Onde está mesmo a nuvem que andava por aqui?

sexta-feira, 12 de junho de 2015

a autonomia do sorvete

em casa, bala era à vontade
pêssegos em calda e danone também
não eram luxo
era assim...todo dia tinha, simplesmente tinha
numa outra casa que frequentávamos, pêssego era luxo
e danone, não tinha
naquele tempo, eu não entendia o porquê, mas hoje entendo

em casa, não precisava pedir para comer bala
para tomar sorvete, precisava
sorvete era censurado
não racionado, mas censurado
o sorvete guardava os últimos resquícios da autoridade materna

eu, submissa, respeitava a censura
sempre, sempre que me dava vontade de sorvete
submetia meu desejo a instancias superiores
a resposta era sempre sim
e eu sempre consultava, mesmo assim


ainda lembro do gosto doce que teve meu primeiro sorvete subversivo

assim como clarice
que conheceu a eternidade através do chiclete
eu conheci a liberdade
através do sorvete

terça-feira, 2 de junho de 2015

momento presente


quero registrar este momento, assim, no presente.
esse momento presente. um presente de momento.
falo isso há alguns dias...e há alguns dias tenho medo que a paixão derreta entre meus dedos.
o dia a dia tem esse poder, inevitavelmente cruel, de derreter paixões.
tempos de adoçar o olhar. de olhar menos corporativo. de amar. de ser doce e mais tranquila.
será que consigo?
quero tentar, pois é aqui que quero estar.
essa sensação, que ainda me contém, de estar no lugar certo, de pertencer.
alguém já me disse isso aqui, no quintal que já é meu, pra minha alegria.
há alguns meses, quando passei pela primeira vez por aquele portão estreitinho, pensei: "tomara!"
o tomara aconteceu.
aqui estou...todos os dias...
ainda agradeço ao passar, todos os dias, por aquele portão estreitinho.
naquele tempo achei que não me cabia.
achei que não passaria.
respirei fundo, me apertei, revi minhas expectativas e defini: é lá que eu quero estar.
quando me chamaram, nem me surpreendi, de alguma forma eu sabia que o lugar me esperava.
talvez do lado de dentro, tenham demorado um pouquinho mais pra entender, mas o que importa é que entenderam, e hoje, estou aqui.
entre tsurus e livros pendurados em elásticos, entre textos e cartazes, entre ideias e olhares poéticos, entre sorrisos de crianças, entre sonhos de futuro, poesia e poesia.
salas brancas e grandes janelas verdes.
ateliers, arte e música.
potes coloridos
mãos carimbadas em paredes.
sonho estampado nas cortinas.
um ar, inacreditável, de passado que quer ser futuro.
com uma janela à minha esquerda, pela qual, passa gente sorridente o dia todo.
uma chefe que fala manso, que tem coração e sabe usá-lo.
uma nova cynthia. redescobrindo-se...todo dia!

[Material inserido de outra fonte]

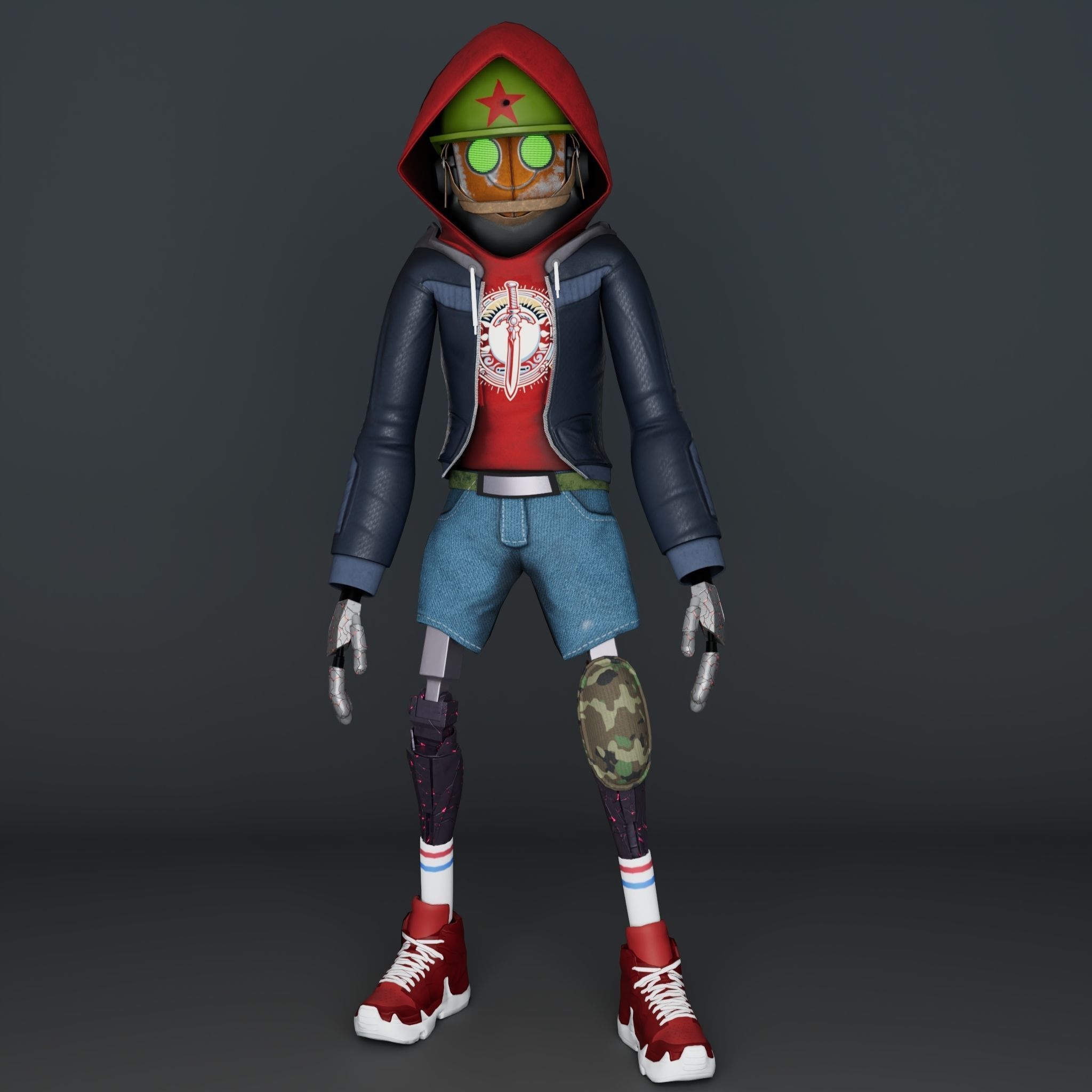 Game ready Character Low-poly 3D model_5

Com o tempo, você acaba se acostumando.....
A acordar antes do sol
Ao ônibus lotado
À comida meio fria
À roupa meio colada
Ao pouco amor
Aos óculos na ponta do nariz
À distância segura
À conveniência do silêncio e da pouca luz`
À não respostas
A fazer menos perguntas
A andar rápido
A andar devagar
A não andar
A dormir pouco
A desfrutar da insônia
A evitar carboidrato
A resistir a paçocas e a clichés
A beijar pouco a filha
A ler menos do que gostaria
A desconfiar da poesia
A viver mais do dia a dia
A comer a carne mal passada
A andar nas mesmas ruas
A nova ortografia
A deixar o passado passar
A deixar o futuro acontecer
A precisar de menos
A querer demais
Ao café sem açúcar
Com o tempo, você acaba se acostumando....
Que pessoas magoam muito
Que poucas se desculpam
A esquecer
A querer esquecer
Com a ideia de que você não é a melhor irmã
A melhor filha
A melhor mãe
A melhor jogadora de basquete
Que seu texto não é o melhor
Que você não é mais a miss primavera
Que seus olhos não são os mais azuis
À mediocridade confortável
À parte mais baixa do pódio
A viver à sombra dos holofotes

Com o tempo você acaba se acostumando....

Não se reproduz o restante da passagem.